**Activity:** From the line containing "Condensedmatter 08 00088 g003" through the last line of the entries below, print each line exactly. Pictures stay out.

[Image-caption web data]

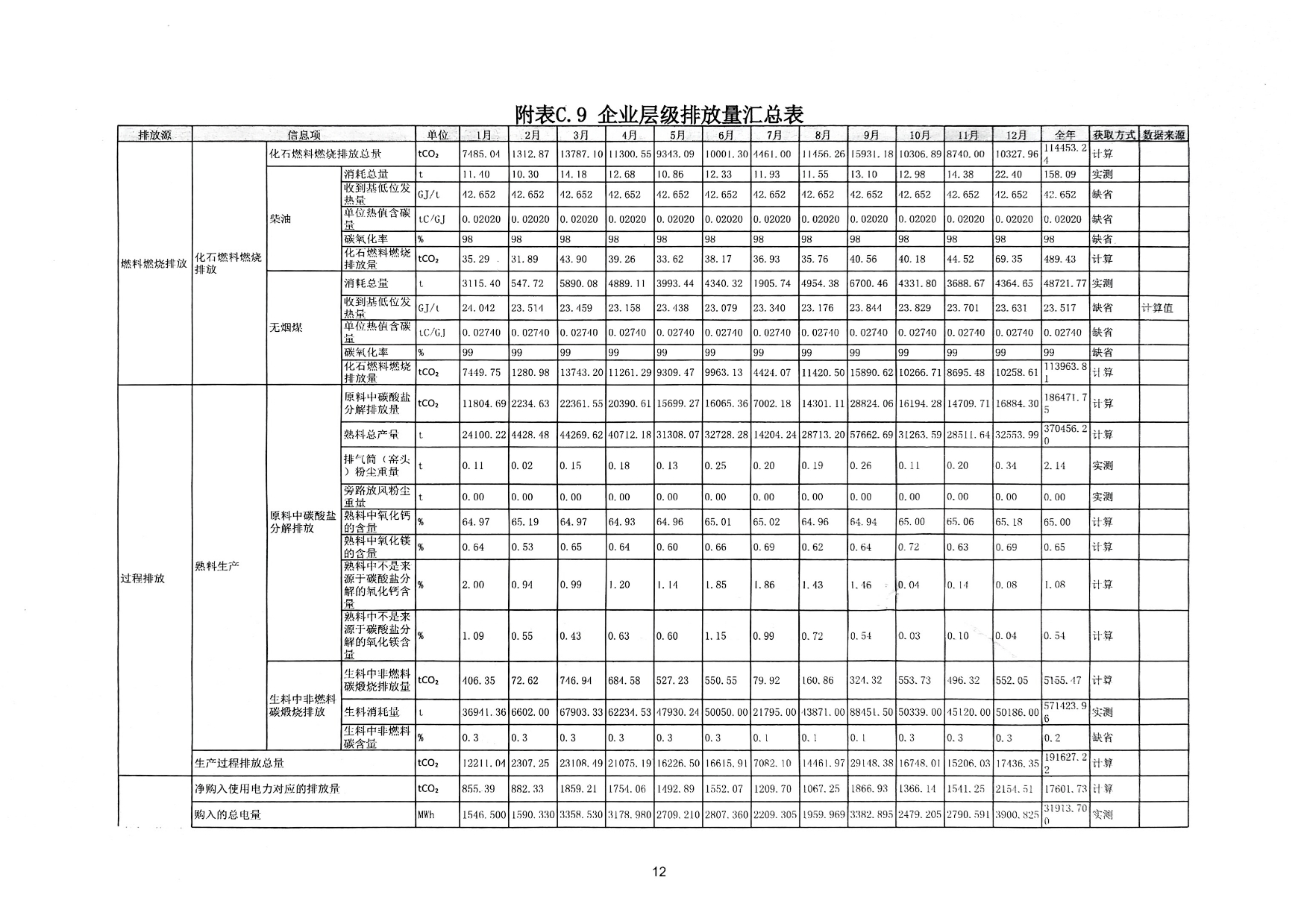 yl23455永利(集团)股份有限公司官网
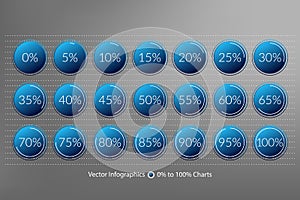 Percentage vector infographic icons set. 0 5 10 15 20 25 30 35 40 45 50 55 60 65 70 75 80 85 90 95 100 percent charts photo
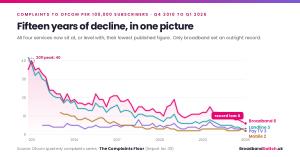 Line chart of complaints to Ofcom per 100,000 subscribers from Q4 2010 to Q1 2026 for fixed broadband, landline, pay TV and pay monthly mobile, ending at 6, 3, 3 and 2, with the 2011 broadband peak of 40 annotated.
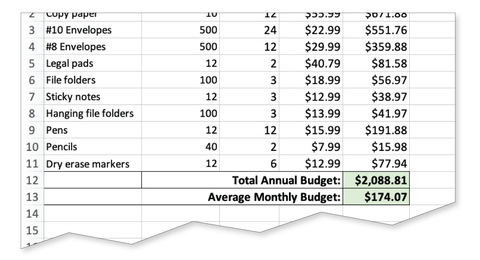 Total 94+ imagen average office supplies cost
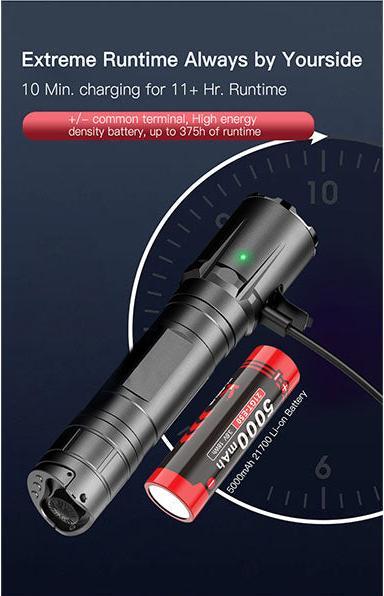 Actual product image Klarus Tactical LED Weapon Lamp GL4 (14 cm, 3300 lm)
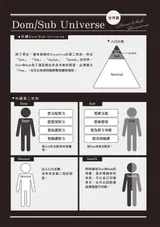 第 5 頁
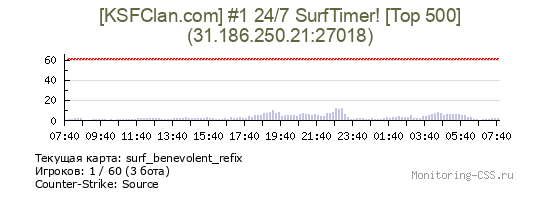 Сервер CSS [KSFClan.com] #1 24/7 SurfTimer! [Top 500]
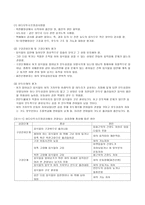 음성장애 삼킴 장애 정상 음성 산출의 생리학적 기초-11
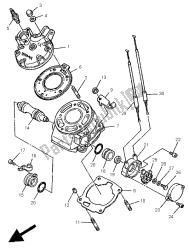 cylindre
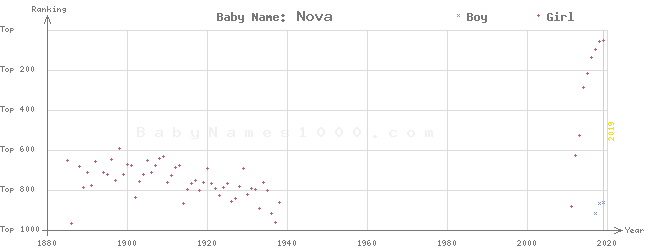Baby Name Rankings of Nova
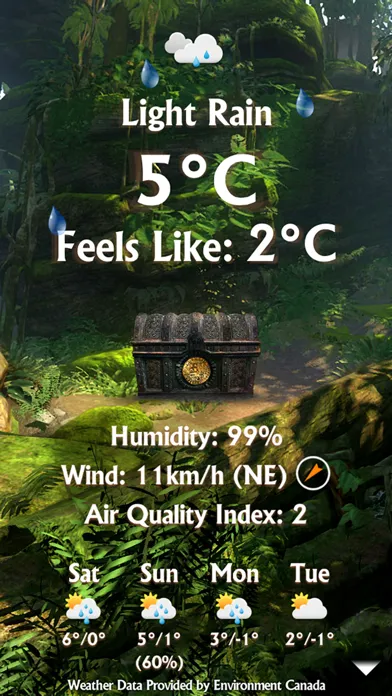 صور Uncharted Weather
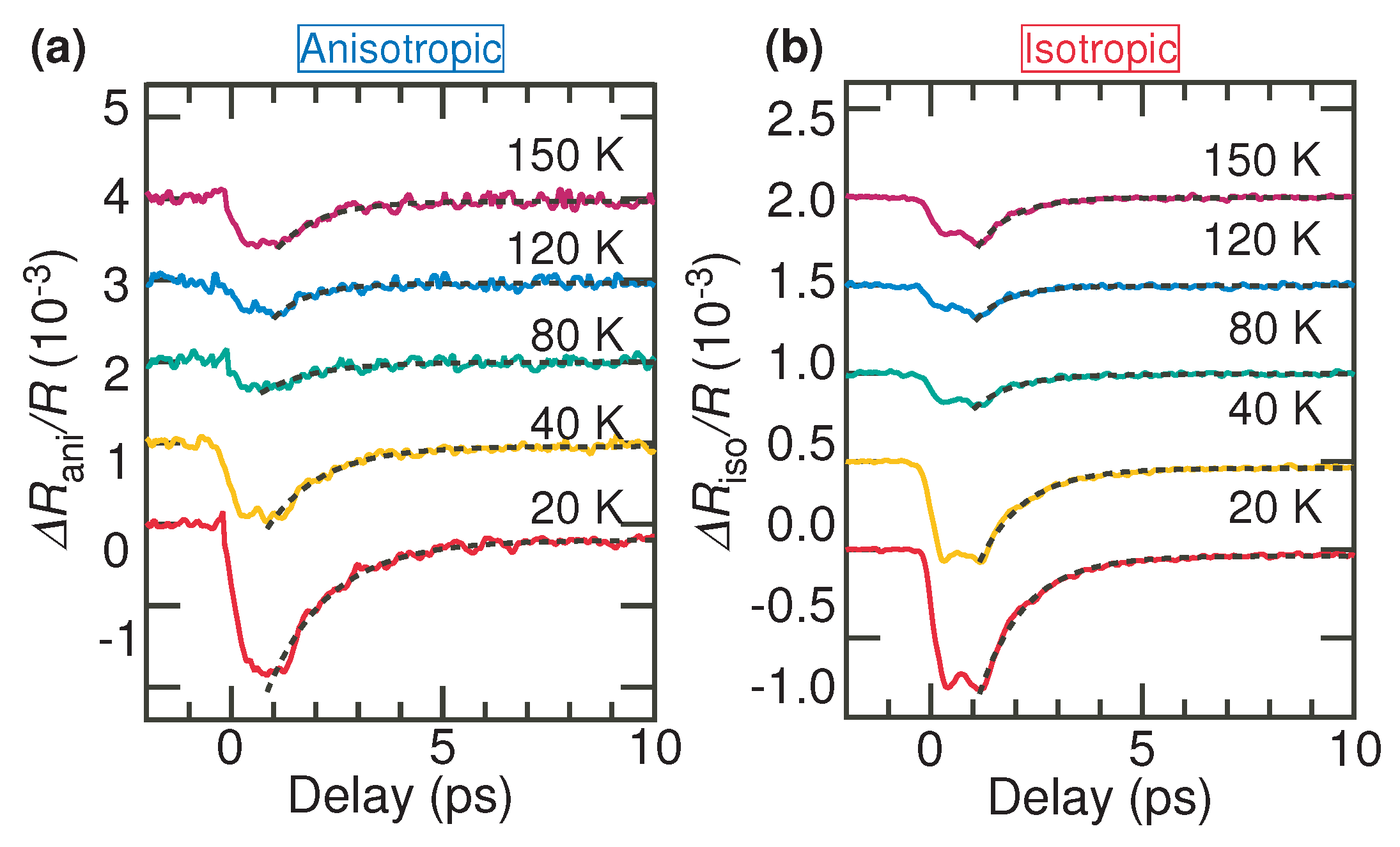 Condensedmatter 08 00088 g003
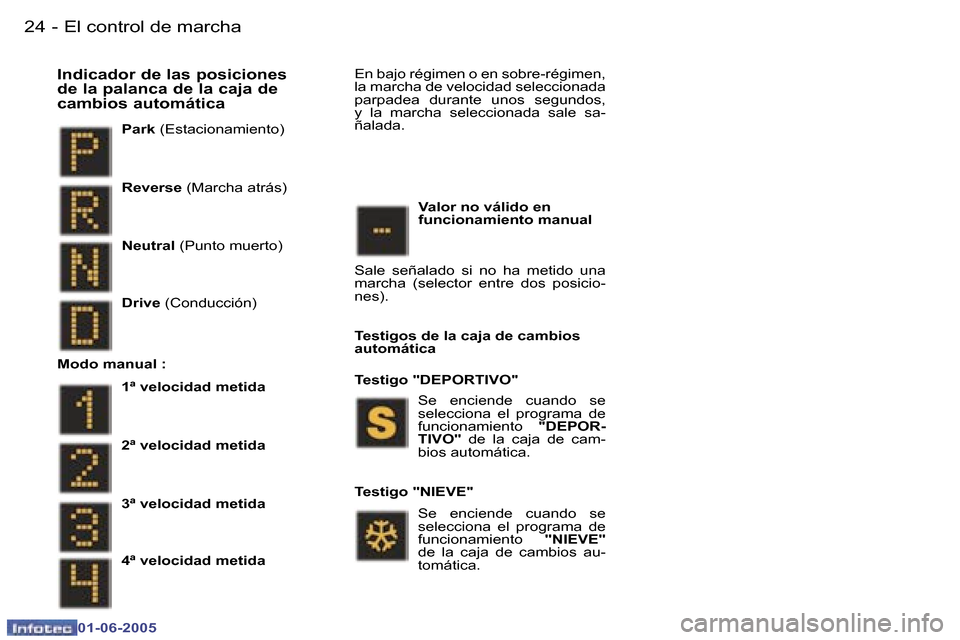 Peugeot 307 Break 2005  Manual del propietario (in Spanish) �2�4 �-
�0�1�-�0�6�-�2�0�0�5
�2�5
�-
�0�1�-�0�6�-�2�0�0�5
�P�a�r�k
� �(�E�s�t�a�c�i�o�n�a�m�i�e�n�t�o�)
�I�n�d�i�c�a�d�o�r� �d�e� �l�a�s� �p�o�s�i�c�i�o�n�e�s�  
�d�e� �l�a� �p�a�l�a�n�c�a� �d�e� �l�a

**Answer space:**
 Condensedmatter 08 00088 g003
 Peugeot 307 Break 2005  Manual del propietario (in Spanish) �2�4 �-
�0�1�-�0�6�-�2�0�0�5
�2�5
�-
�0�1�-�0�6�-�2�0�0�5
�P�a�r�k
� �(�E�s�t�a�c�i�o�n�a�m�i�e�n�t�o�)
�I�n�d�i�c�a�d�o�r� �d�e� �l�a�s� �p�o�s�i�c�i�o�n�e�s�  
�d�e� �l�a� �p�a�l�a�n�c�a� �d�e� �l�a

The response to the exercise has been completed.